Robert Gwadera'S TALK ON DB SEMINAR

 
Title: Multi-Stream Join Answering for Mining Significant Cross-Stream Correlations

Abstract
Sliding-window multi-stream join (SWMJ) was proposed as a operation for correlating information from different streams. Although there has been an extensive research on SWMJ processing no research analyzed significance of SWMJ result in terms of correlation strength while such an analysis is necessary in practical applications including monitoring systems (e.g., video surveillance).

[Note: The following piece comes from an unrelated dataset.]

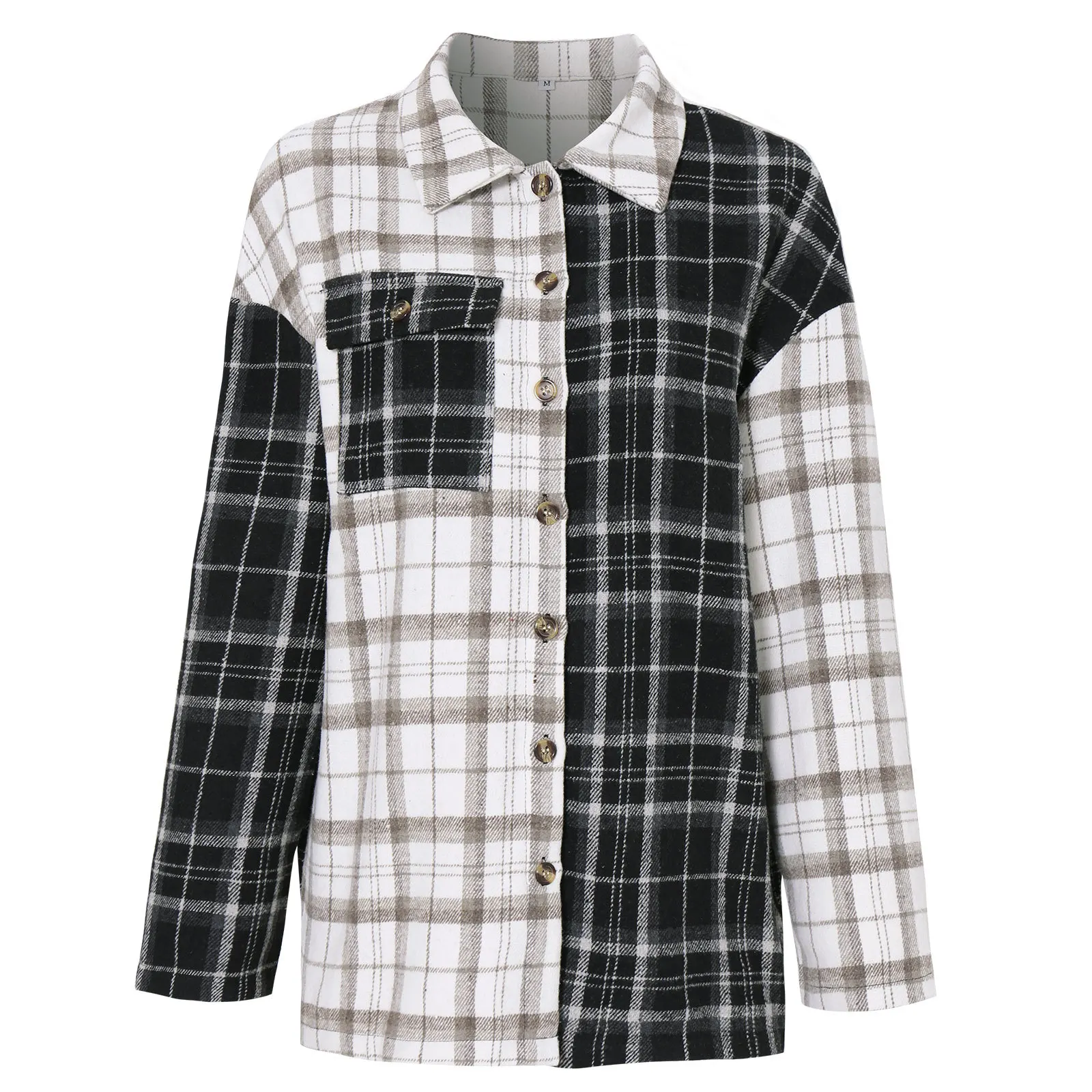High quality chinese supplier leisure plaid ladies jacket flannel shirts, women turn-down collar casual shirt coats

We provide the first significance analysis of the SWMJ result by focusing on the frequency of windows satisfying a given equijoin predicate as the most important parameter of the SWMJ result. We derived a formula for computing the expected frequency of windows satisfying a given equijoin predicate that can be evaluated in quadratic time in the window size given a proposed probabilistic model of the multi-stream. The formula can be used used twofold: (I) to assess the strength of correlation between the streams and (II) to answer ad hoc SWMJ queries given a probabilistic model of the streams.

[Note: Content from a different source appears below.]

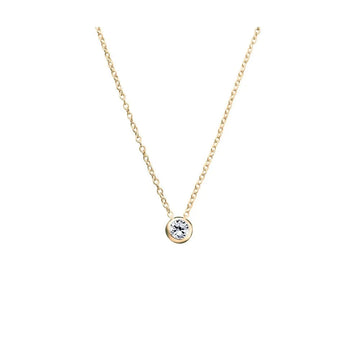 Sterling Silver Necklace withBezel Set CZ Pendant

In experiments conducted on a daily rainfall data set we demonstrate remarkable accuracy of our method, which confirms our theoretical analysis. 
 
Bio
Robert Gwadera is a senior researcher at Distributed Information Systems Laboratory, EPFL. He obtained Ph.D in Computer Science from Purdue University and before joining EPFL he was a Research Staff Member in Data Analytics at IBM Zurich Research Laboratory.